Gas price formula faces tinkering in 2006 Legislature
The cap has gone up 25 cents in two weeks but remains lower than it was on Sept. 1
By Wednesday, when the 2006 legislative session begins, the state's price caps on wholesale gasoline will have gone up 25 cents in two weeks.
Price caps on wholesale gasoline are going up 11 cents next week -- an increase that comes on top of a 14-cent rise in this week's caps and could push the statewide average for regular gasoline to $3 a gallon.
A bad winter on the mainland could drive up demand for heating oil, which would drive up crude oil and spot wholesale gas prices, leading to further increases in the price caps.
Although that kind of timing might seem bad for Democrats who supported the law, at least one political observer says he does not expect much backlash come November.
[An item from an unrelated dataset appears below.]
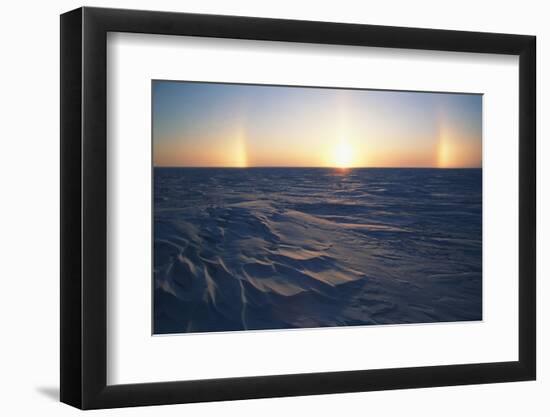 Arctic Coastal Plain, Sundog over Snowy Landscape, Alaska, USA-Hugh Rose-Framed Photographic Print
"I can't figure out how you assess whether the gas cap is working or not," said Neal Milner, a University of Hawaii political scientist. "It's a really complicated issue, and it's hard to make arguments that are politically compelling one way or the other.
"I would be surprised if that's a very definitive issue."
Opponents of the measure say voters will ultimately decide whether they think the law has helped, by ousting those who supported it.
Supporters say they continue to believe the caps are working as intended -- keeping Hawaii's prices in line with mainland trends -- and they plan to push forward with proposals to strengthen the measure.
Senate Consumer Protection Chairman Ron Menor (D, Mililani) has said lawmakers might consider lowering the markups that wholesalers may charge or changing the benchmarks that the cap formula is tied to.
House Energy Chairwoman Hermina Morita (D, Hanalei-Kapaa) said her main concern is establishing additional profit margins for different steps in the gasoline supply chain.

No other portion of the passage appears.